The other night I had this horrible nightmare. I was at our martial arts class, doing a drill in front of the whole class when I tripped over someone's foot. Seconds felt like minutes as I stumbled and stumbled and stumbled trying to stop the inevitable from happening. I was going to fall flat on my ass in front of the whole class...
Oh. Wait. That wasn't a dream. I actually did that.
I fell in front of a lot of people. People that I see all the time. An ugly, horrible, embarrassing fall. A tons-of-momentum, can't-stop-it, fall-flat-on-my-ass fall. In my head I heard the lyrics from Ke$ha's song Timber, "It's going down. I'm yelling timber..."

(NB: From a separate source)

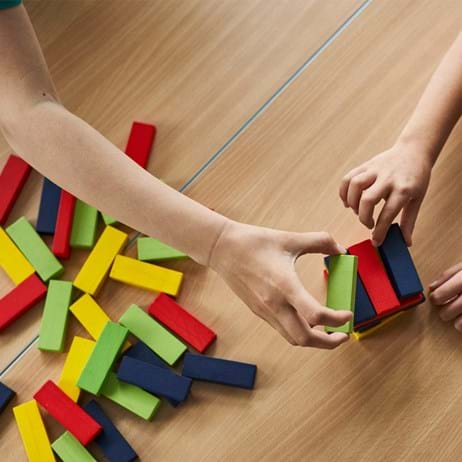 Children's hands with colourful building blocks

I laid on the floor for what felt like forever. I think I was waiting for it to swallow me. I wish there was a way to explain how embarrassed I was because mortified doesn't even begin to do it justice.

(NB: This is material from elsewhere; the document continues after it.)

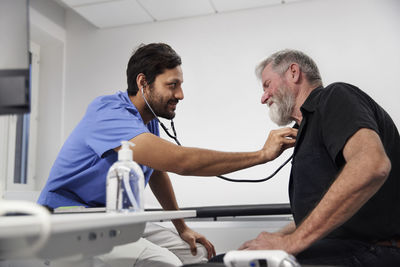 Male doctor examining senior patient with stethoscope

After class was over I bolted out of there, got in my car, and cried. I told Mike that night that I was never going back. At that moment I couldn't imagine ever being in the same room with all those people without feeling completely humiliated and stupid.

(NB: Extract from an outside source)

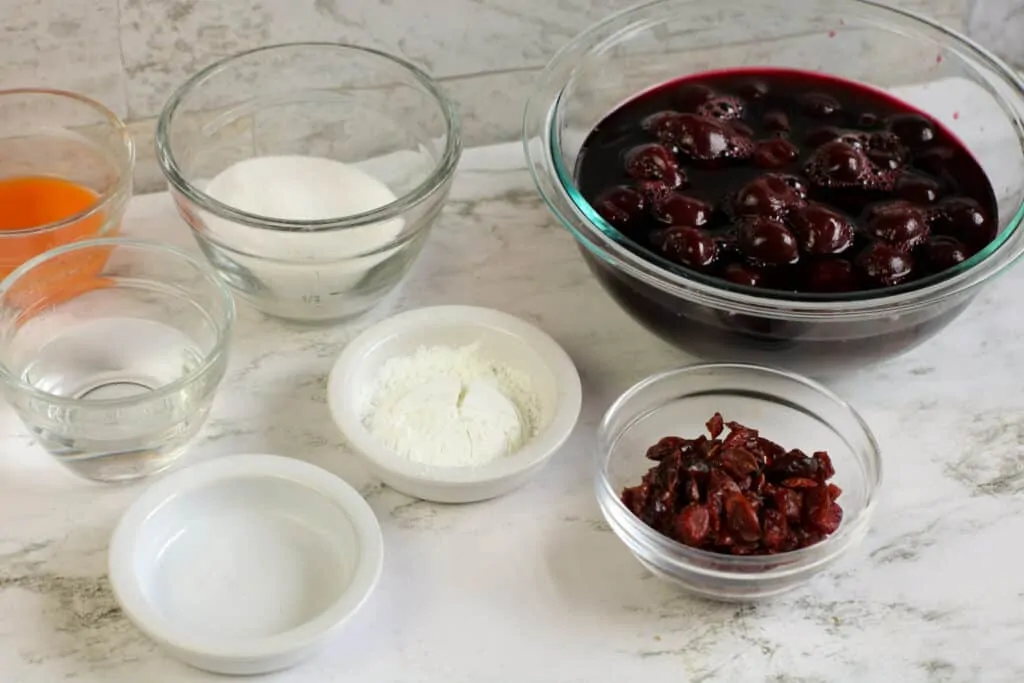 ingredients for the recipe Cherries jubilee sitting in bowls on a countertop.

I've always wanted to be one of those people who just brushes off things like that and doesn't let it phase them. But, I've never been that way. I'm sensitive, worry way too much about what people think about me, and I'm shy. I'm not one who likes to venture far out of my comfort zone or feel vulnerable.
But, guess what happened? Sometime during the night the courage fairy must have sprinkled some of her magic dust on me. (Or, I have actually been paying attention to what we are told in our martial arts classes!)
I woke up the next day, eyes puffy from crying so much the night before, and decided that I am going to be that person that just brushes herself off and doesn't let it phase her. Why not? I don't think it's written in stone that I have to be shy or scared. Who says I can't be brave and outgoing? I'm the only one who can allow myself to feel scared or humilated. I decided on that next day that I wasn't going to be embarrassed about it anymore. Instead I was going to laugh. And, most importantly, go back to class that very next day.
You know the crazy part? It was easy. People shared their falling-in-class stories and we all laughed about it. The biggest surprise was finding out how much empowerment it gave me to simply get up, brush myself off, and get back at it. I felt like a whole new person.
No, that's not it.
I am a whole new person. A better person. All because I fell and got back up.